The Odeon opened with Julie Andrews in “Thoroughly Modern Millie” so the first photo I posted above is from around May 1968 during it’s ‘Roadshow’ presentation here and not ‘early 1969’ when that film went on Odeon general release. The cinema was equipped with 70mm projection facilities.

FanaticalAboutOdeon
FanaticalAboutOdeon on May 10, 2013 at 3:13 am

As “Fanatical about Odeon”, I have posted pictures of the 1968 Odeon, interior and exterior, and a ticket to the opening performance, on Flickr. I have good memories from my time spent there as Assistant/Relief Manager from 1969 to 1971. A lovely cinema with a loyal staff and in the friendliest town I’ve ever worked in. The Odeon long gone, a motorway built right through the town, the railway station replaced by a “bus shelter” halt…such decimation is a dreadful shame and, in the current economic climate, Stockton-on-Tees is a mere shadow of its former self.

Londonstation
Londonstation on June 17, 2018 at 7:36 am

I worked as a Trainee Projectionist from 1955 until 1964 when I went to London as a trainee manager and eventually in the West End as manager.My Managers at Stockton were Mr. Bernard Goldthorpe, and Ken Williams, There was a very busy restaurant which was never replaced when the theatre was rebuilt.Anyone know what the building is now since the Night Club closed.

Cjbx11
Cjbx11 on July 19, 2018 at 2:10 pm

ondonstation, The building was purchased by Stockton council when the Glam nightclub closed and has remained empty since. When the cinema opened as The Mall nightclub the new owners made the building look very attractive with the frount all in black with silver lettering, but sadly as the club was sold on to various owners it started to deitireate and when It opened as Glam they even lowered the frount of the building which was only false cladding as the frount foyer was only a single storey building with the cinema behind which now leaves the building a bit of an ugly eyesaw.

FanaticalAboutOdeon
FanaticalAboutOdeon on August 9, 2018 at 6:55 am

The 1968 Odeon had to be somewhat lightweight as the Regal/Odeon it replaced had begun to sink during deep excavations next door when the sorting office behind Stockton’s main Post Office was being enlarged. This accounts for the single storey nature of most of the building – extensive though its footprint remained.

With a licenced bar, cloakroom and twin-window advance booking office, the facilities were very good.

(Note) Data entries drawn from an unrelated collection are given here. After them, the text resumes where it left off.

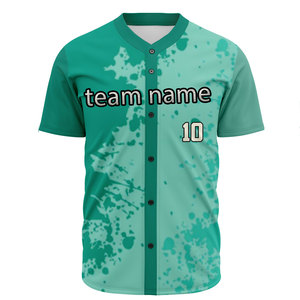 Hot Sale Cheap Custom Blank 100% Polyester Button <b>Down</b> Baseball Shirt Custom Baseball Jersey - Product Image 3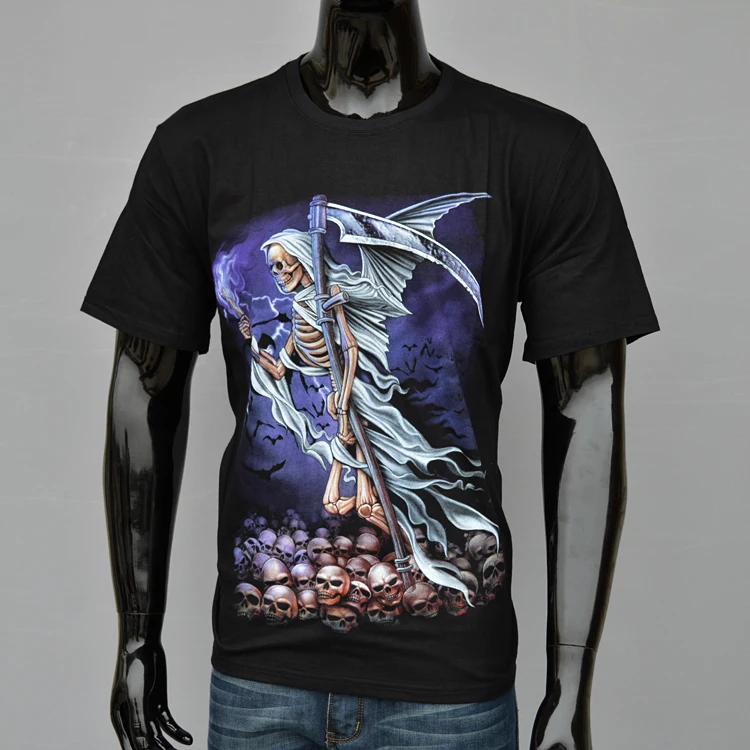 2015 New Fashion Skull Casual 3d Printed Men Wear T-Shirt S-XXL 100% Cotton O-Neck Clothes Free Shipping DYFZ-J1020 | Мужская одежда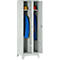 Garderobekast, 2 deuren, B 600 x H 1800 mm, incl. poten, draaigrendelslot, lichtgrijs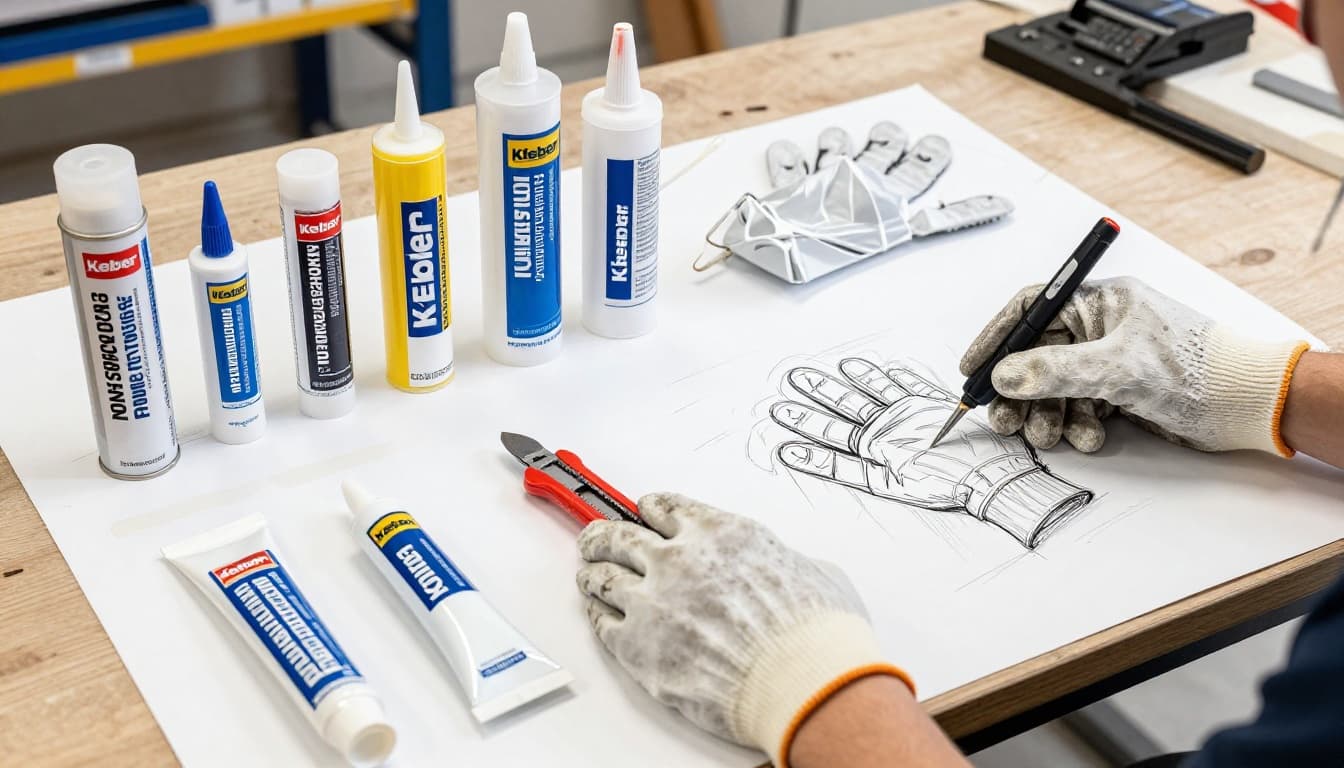 Top-down hand-drawn graphite sketch of non-expanding PU foam canister, silicone tube, construction adhesive tube, utility knife, protective gloves, and dust mask arranged on a workbench for roller shutter box insulation.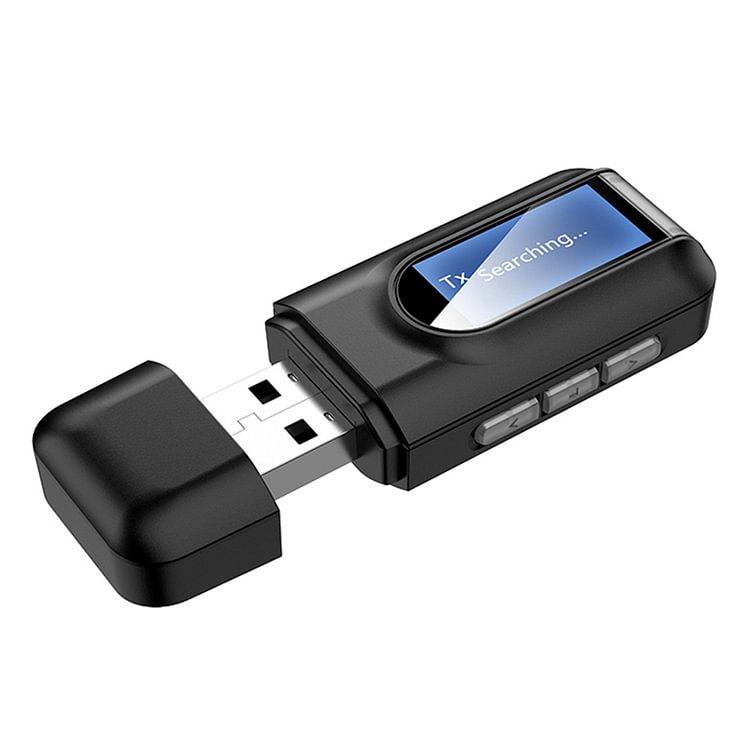 LCD USB Bluetooth 5.0 Wireless Audio Transmitter Receiver 3.5mm AUX Jack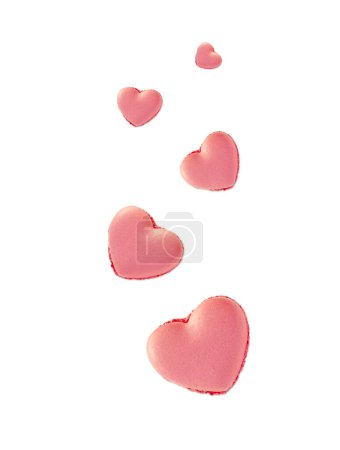 Téléchargez les photos : Heart shape macaroons background for Valentines day design - en image libre de droit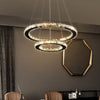 Dimmable Pendant LED Crystal Chandelier Circular Ceiling Light Living Room UK
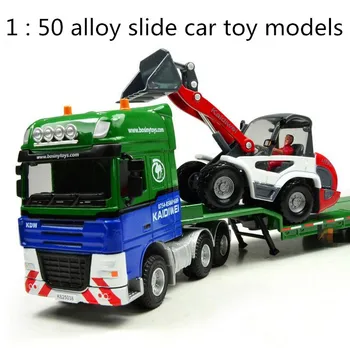 Bezmaksas piegāde !1 : 50 sakausējuma slaidu auto rotaļlietu modeļi, celtniecības,bortu piekabe ar buldozeriem modeli,Bērnu mīļākie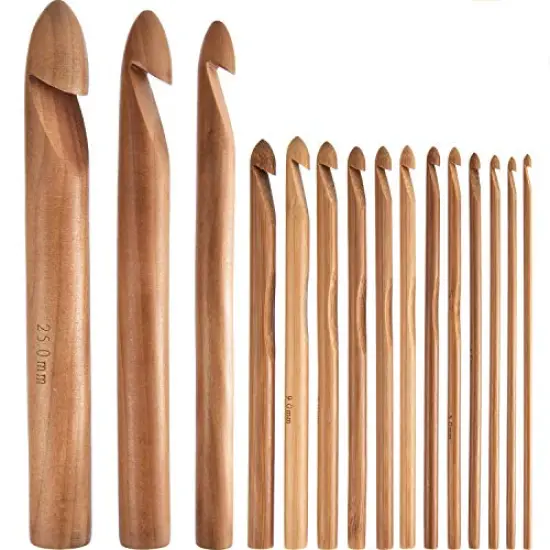 15 Pieces Wooden Bamboo Crochet Hooks Set Handcrafted Knitting Needles Weave Yarn Craft, 3 to 25 mm in Diameters {2}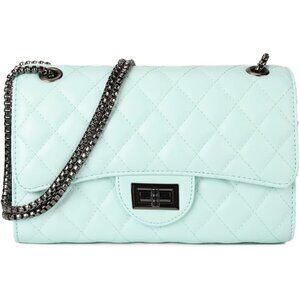 Women Light BluePU Quilted Stylish Crossbody Bag with Chain Strap & Flap Closure
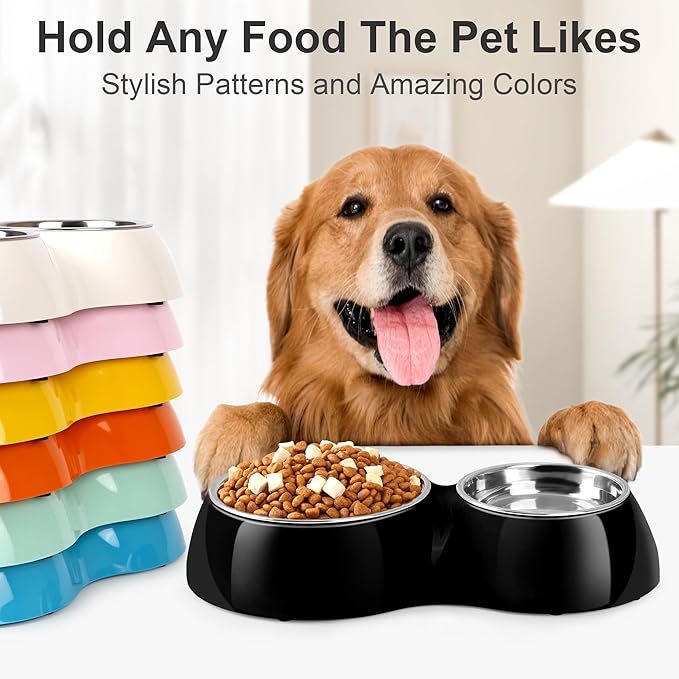 Double Dog Bowls Set ??Non-Slip Pet Food & Water Dishes with Resin Stand, Includes Small (1 Cup) &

Despite its large screen, even the 70mm. image could appear relatively small from the most expensive seats in the raised area we called the circle but which, in fact, was a very long way from the screen.

When on exclusive runs with product like “Oliver!”, “Funny Girl”, “Battle of Britain” “Hello Dolly!” and revivals of films like “The King and I” and “King of Kings”, the Odeon could be very profitable but when sharing the general Rank release with Odeons in Darlington, Middlesbrough and West Hartlepool, it took a very special film, like the Bonds and “Butch Cassidy and the Sundance Kid” for us to make much profit.

Hindsight is wonderful but perhaps this was not the right location for a roadshow cinema especially at a time when big, potentially long-running films best suited to the policy were rapidly declining in number.

Bernard Goldthorpe was a lovely man and an enterprising manager of both old and new Odeons in Stockton. His enforced absence from his beloved cinema due to ill health in 1970 effectively gave me my first cinema as full-time manager and I still have cherished memories of my time running the Odeon in such a friendly town.

The “new” Odeon was constructed for what the industry saw as a very low cost for the time (£120,000 I believe) and at least part of the expense was affrayed by the Post Office having to make substantial compensatory payments when the old theatre had to be demolished.